List each line of the data that holds the word "house".

Crawled caption data:
****

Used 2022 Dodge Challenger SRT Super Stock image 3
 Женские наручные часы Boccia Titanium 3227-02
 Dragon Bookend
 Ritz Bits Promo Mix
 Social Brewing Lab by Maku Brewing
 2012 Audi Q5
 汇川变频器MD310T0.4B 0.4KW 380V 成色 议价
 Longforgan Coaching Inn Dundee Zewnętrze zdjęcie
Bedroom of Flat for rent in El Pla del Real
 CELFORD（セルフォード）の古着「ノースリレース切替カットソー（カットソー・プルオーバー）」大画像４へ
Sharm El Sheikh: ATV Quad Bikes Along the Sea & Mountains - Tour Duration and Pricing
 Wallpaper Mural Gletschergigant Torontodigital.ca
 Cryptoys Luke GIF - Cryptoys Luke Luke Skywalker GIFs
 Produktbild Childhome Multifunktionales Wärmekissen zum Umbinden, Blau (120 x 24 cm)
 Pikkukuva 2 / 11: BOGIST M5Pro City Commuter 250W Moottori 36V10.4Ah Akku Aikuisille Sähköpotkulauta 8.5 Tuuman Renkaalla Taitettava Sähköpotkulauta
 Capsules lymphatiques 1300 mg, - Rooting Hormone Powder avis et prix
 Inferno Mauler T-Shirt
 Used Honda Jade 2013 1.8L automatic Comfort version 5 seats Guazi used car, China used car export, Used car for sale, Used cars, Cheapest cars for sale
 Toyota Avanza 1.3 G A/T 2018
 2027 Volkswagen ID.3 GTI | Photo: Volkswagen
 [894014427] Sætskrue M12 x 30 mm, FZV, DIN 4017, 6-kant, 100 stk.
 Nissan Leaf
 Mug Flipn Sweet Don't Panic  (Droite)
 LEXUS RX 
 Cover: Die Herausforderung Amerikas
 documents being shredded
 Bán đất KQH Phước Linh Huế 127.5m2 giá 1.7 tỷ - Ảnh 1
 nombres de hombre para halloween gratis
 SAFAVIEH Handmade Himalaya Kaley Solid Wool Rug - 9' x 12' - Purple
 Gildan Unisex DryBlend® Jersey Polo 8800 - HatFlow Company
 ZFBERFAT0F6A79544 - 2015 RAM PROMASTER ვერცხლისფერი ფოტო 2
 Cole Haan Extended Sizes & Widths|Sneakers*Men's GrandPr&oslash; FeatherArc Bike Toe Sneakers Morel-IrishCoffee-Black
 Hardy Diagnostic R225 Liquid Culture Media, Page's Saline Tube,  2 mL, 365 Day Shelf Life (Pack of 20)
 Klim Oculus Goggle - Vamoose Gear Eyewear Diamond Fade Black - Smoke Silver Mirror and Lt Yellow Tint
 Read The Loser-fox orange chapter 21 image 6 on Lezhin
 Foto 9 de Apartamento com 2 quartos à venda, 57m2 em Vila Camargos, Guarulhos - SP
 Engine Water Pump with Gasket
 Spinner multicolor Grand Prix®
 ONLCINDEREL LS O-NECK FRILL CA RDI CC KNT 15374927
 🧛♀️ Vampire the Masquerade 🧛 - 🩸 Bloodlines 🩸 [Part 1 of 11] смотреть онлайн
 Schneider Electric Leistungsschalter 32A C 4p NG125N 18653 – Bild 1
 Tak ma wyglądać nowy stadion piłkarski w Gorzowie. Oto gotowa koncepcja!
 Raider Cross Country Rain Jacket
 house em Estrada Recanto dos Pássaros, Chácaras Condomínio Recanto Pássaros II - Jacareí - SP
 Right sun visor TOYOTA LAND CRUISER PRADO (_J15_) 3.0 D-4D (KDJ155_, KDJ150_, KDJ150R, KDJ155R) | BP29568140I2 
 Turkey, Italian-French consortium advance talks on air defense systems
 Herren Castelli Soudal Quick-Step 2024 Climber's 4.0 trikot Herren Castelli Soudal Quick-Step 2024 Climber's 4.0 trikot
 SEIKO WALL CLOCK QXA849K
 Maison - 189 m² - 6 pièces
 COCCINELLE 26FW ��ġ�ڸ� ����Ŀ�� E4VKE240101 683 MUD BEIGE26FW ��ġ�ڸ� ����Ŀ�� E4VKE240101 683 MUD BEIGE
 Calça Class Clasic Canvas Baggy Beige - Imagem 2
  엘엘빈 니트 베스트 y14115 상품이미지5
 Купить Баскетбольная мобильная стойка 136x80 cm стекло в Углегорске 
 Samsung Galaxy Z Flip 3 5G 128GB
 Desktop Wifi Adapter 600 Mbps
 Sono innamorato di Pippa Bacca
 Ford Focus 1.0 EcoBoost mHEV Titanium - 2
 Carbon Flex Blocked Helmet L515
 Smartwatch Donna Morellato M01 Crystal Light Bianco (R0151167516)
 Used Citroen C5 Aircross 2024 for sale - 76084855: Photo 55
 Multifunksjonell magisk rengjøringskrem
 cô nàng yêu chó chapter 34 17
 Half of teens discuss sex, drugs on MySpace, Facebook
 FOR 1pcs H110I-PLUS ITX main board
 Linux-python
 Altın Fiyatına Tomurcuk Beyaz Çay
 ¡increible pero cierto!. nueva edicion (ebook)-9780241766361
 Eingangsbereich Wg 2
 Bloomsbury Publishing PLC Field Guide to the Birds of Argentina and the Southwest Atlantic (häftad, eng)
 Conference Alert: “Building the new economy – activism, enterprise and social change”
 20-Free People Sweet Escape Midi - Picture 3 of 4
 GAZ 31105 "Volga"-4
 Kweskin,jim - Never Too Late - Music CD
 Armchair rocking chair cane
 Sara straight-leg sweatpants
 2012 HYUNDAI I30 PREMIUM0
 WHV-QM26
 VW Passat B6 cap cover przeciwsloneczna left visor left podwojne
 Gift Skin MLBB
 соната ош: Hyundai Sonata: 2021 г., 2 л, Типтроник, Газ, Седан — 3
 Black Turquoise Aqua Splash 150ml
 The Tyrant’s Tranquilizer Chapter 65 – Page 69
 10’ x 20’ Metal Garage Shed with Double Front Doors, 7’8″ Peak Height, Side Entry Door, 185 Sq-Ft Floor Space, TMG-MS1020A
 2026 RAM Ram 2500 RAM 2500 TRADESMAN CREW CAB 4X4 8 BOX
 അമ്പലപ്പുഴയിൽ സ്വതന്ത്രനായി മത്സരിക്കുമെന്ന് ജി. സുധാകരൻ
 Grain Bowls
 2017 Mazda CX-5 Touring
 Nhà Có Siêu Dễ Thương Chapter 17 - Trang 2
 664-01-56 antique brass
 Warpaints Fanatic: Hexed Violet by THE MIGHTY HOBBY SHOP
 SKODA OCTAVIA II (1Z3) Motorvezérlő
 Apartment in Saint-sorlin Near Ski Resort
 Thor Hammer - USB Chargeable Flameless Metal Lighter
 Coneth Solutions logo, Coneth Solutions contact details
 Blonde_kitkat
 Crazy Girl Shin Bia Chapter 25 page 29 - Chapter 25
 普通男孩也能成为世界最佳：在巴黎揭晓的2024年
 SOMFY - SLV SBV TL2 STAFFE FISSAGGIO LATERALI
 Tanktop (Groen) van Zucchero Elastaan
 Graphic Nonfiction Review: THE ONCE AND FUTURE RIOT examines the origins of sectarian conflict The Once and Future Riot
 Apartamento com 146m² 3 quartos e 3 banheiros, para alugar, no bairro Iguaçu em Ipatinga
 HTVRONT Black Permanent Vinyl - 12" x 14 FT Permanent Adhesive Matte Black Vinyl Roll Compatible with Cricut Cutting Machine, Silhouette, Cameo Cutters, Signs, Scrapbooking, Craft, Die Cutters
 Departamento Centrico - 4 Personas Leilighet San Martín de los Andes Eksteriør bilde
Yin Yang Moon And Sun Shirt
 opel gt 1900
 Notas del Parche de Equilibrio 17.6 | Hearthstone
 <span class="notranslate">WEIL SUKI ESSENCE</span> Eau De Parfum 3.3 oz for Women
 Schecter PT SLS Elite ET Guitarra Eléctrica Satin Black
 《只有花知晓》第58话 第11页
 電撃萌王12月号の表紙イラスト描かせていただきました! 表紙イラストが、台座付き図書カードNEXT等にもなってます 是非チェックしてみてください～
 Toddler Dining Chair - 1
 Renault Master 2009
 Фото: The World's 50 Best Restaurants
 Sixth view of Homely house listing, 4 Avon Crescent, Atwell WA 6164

****

_Solution to this exercise_.
 house em Estrada Recanto dos Pássaros, Chácaras Condomínio Recanto Pássaros II - Jacareí - SP
 Sixth view of Homely house listing, 4 Avon Crescent, Atwell WA 6164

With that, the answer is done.